My increasing intolerance towards just about everything spilled out earlier this week when I harrumphed at Mde de Hotspur, ‘I really don’t like doing things I don’t like doing.’
Our tight lipped, ruddy faced supremo hasn’t been in the news much of late. So almost to compensate for this we got a tour de force from Arry in the last ever edition of the News Of The Screws. I’ve spoiled it now, but try reading the interview imaging that Modders is the one providing the quotes.
“It’s a great job. You would have to be a fool not to do a good job at Chelsea, with those players.”
“You walk into the dressing room and look around and see great players, leaders like John Terry, Frank Lampard, Didier Drogba.
“It would be hard to fail – they will be bang there when the trophies are handed out.”
Arry needs to be whisked in for one of those special, one to one’s that Levy so generously gave Modders. So he understands our position. I’m a realist. I’ve said it before the Tottingham faithful are a tough crowd. Possibly one of the worst. I’ve been at The Lane when we were so unhappy we couldn’t even be bothered to boo. But Arry needs to stop staring at what the person on the table next to him is eating – as he pushes his own food ruefully about his plate – and try acting like a flippin’ grown up.
Arry’s stock as a man motivator is in free fall. West Am & Pompey pal, Defoe has been a complete and utter flop. Nobody’s interested in how fab Fat Fwank is looking.
We have arguably one of our own best players in a generation feeling a tad deflated after a failed escape bid and what does the manager do? Join him in a Cheatski love in. How good life and freedom would taste on the other side of the wire. Nobody made either of them sign for us. No claims of duress have been made to the best of my knowledge.
I’m not a religious person – although I do talk to God everyday in my way – and I know for a fact; he’s told me he hates whiners. Whiners will not be inheriting the earth.
Now ex-News Of The Screws journo Neil Ashton has spent the last good few days whining. Whining that his employer has binned him. Ashton is one of several hundred people at the NOTS who was riding on the coat tails of salacious front page headlines.
Oh, I’m sorry. Am I treading on Nelly Welly’s sensibilities there? Overlooking his stellar contribution to football journalism? How terribly remiss of me. Can someone please get it touch with Brian Glanville and Hunter Davies and tell them they never existed.
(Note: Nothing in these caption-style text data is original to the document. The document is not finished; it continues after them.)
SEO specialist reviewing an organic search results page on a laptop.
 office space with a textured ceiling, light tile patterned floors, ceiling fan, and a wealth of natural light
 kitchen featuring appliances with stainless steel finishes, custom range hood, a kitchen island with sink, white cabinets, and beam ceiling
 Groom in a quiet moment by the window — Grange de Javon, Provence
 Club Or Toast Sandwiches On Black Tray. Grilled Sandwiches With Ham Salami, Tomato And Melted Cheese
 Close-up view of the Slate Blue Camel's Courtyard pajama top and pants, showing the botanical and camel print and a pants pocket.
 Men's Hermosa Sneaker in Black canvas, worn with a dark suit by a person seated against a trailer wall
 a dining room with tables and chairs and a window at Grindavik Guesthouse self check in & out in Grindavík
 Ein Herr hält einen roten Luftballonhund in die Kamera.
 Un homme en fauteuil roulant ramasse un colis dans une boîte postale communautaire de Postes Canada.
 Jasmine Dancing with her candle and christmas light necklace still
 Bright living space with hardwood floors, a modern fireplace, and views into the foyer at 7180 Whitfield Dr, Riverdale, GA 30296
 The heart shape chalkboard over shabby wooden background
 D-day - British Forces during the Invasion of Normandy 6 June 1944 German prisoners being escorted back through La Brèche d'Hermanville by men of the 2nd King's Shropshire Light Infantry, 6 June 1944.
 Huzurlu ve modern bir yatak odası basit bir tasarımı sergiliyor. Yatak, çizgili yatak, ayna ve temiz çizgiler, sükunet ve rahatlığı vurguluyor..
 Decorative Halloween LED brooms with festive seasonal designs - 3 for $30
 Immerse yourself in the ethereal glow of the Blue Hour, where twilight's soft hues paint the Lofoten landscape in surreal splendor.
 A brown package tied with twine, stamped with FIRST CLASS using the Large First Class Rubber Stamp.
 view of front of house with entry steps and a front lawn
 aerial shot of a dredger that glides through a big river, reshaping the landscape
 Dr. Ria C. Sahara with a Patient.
Thank you so much.
I’d put money on your average punter never having heard of Ashton and the bulk of the other hacks before the advent of Twitter. Given exclusive access to clubs, players and never ending supply of complimentary tea and biscuits these guys manage to churn out stuff a semi literate 12 year old could provide.
Ashton tell us he’s ‘frustrated, hurt and angry.’ I bet you are mush. Someone swiping a free drink from your hand is just as galling as having one you paid for taken.
You were working for a morally bankrupt organization that was breaking the law relentlessly in order to sell newspapers. And now you’re facing the bleak prospect of having to get a job based on your own work opposed to coining it off the back of a household name.
So the lesson of the day is that there really is little quite as dull as other people’s woes. You’re not happy, look at why and change what you’re doing. Whining about it is not only boring; it’s utterly pointless.
‘I really don’t like doing things I don’t like doing’. I said.
She replied, ‘Bless you love, have you only just noticed?”